Either saying "the corresponding incompatible bit" or
"incompatible_features bit 5" is more specific and gives the reader an
indication that they need to look for a specific bit.
> +emulating the zoned storage model (https://zonedstorage.io/). When the
> +zone model mode is not host-managed, it is regarded as incompatible
> +and reports an error to users.
This sentence is unnecessary because the same information is repeated in
the zoned field description below.
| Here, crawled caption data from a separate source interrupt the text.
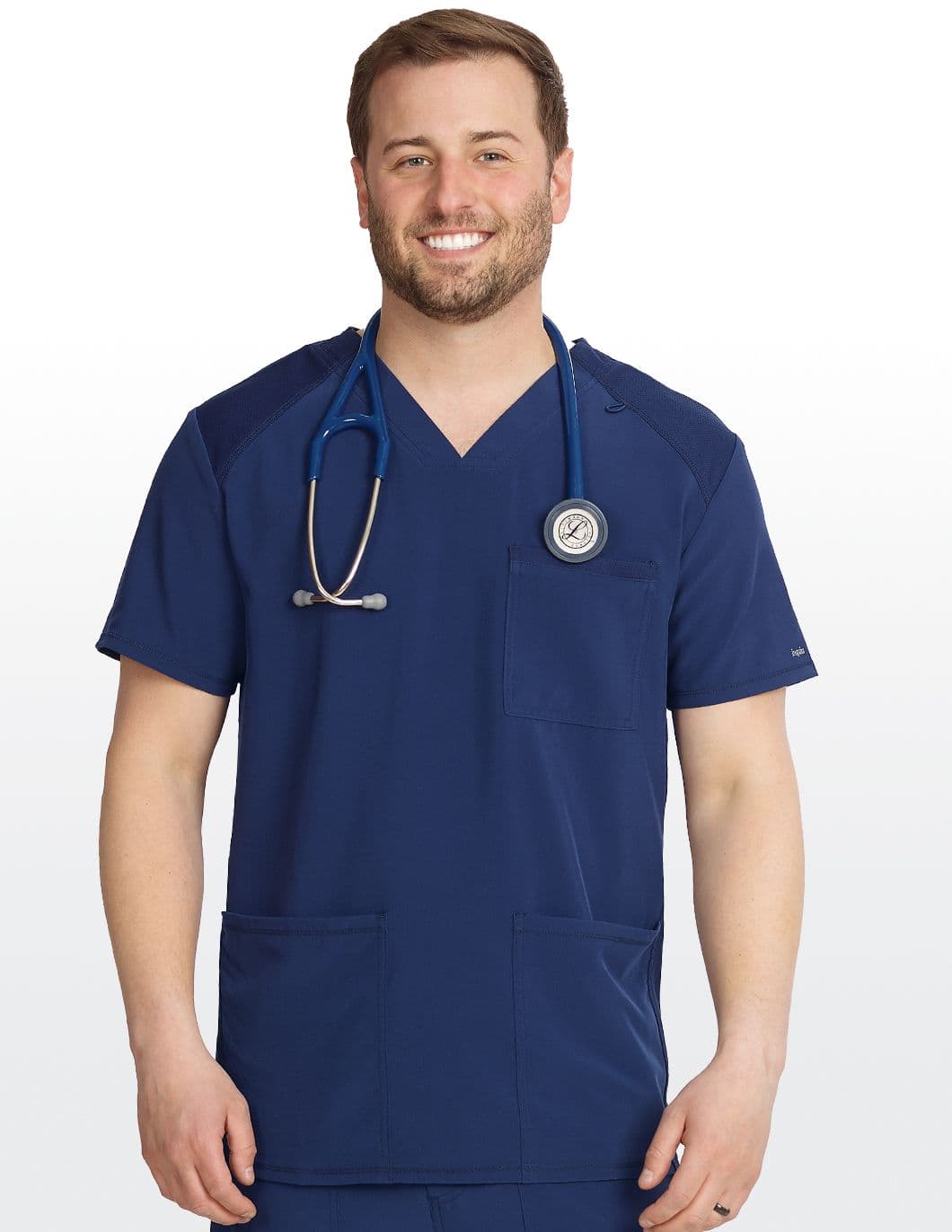 Inspira-mens-V-Neck-Scrub-Top-navy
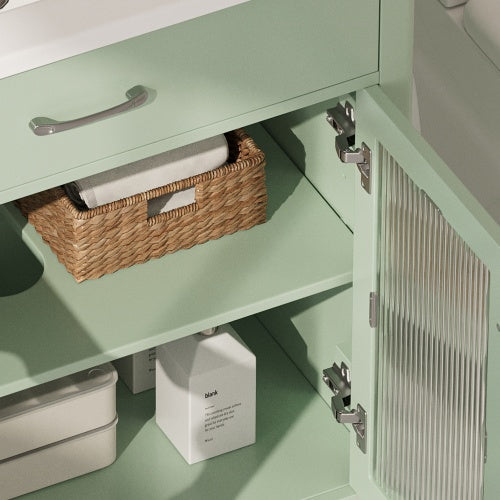 Buy farmhouse furniture Sage Modern Cottage Bathroom Vanity With Tempered Glass - Modern Cottage Farmhouse Furniture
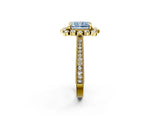 Yellow gold Fancy Blue Radiant  Halo Milgrain Pave Diamond Ring with Four-Prong Setting 3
I suggest removing it since the zoned
field description provides more context, but if you want you could
replace it with something like:
Currently only the host-managed zone model is supported.
> +
> +The write pointers for each zone are stored in an area called zonedmeta
> +clusters. It is 8 bytes per zone. The offset and size of the zonedmeta
Slightly more descriptive:
"It is 8 bytes per zone" -> "The zonedmeta clusters contain a table of
the zone write pointers. Each entry is 8 bytes."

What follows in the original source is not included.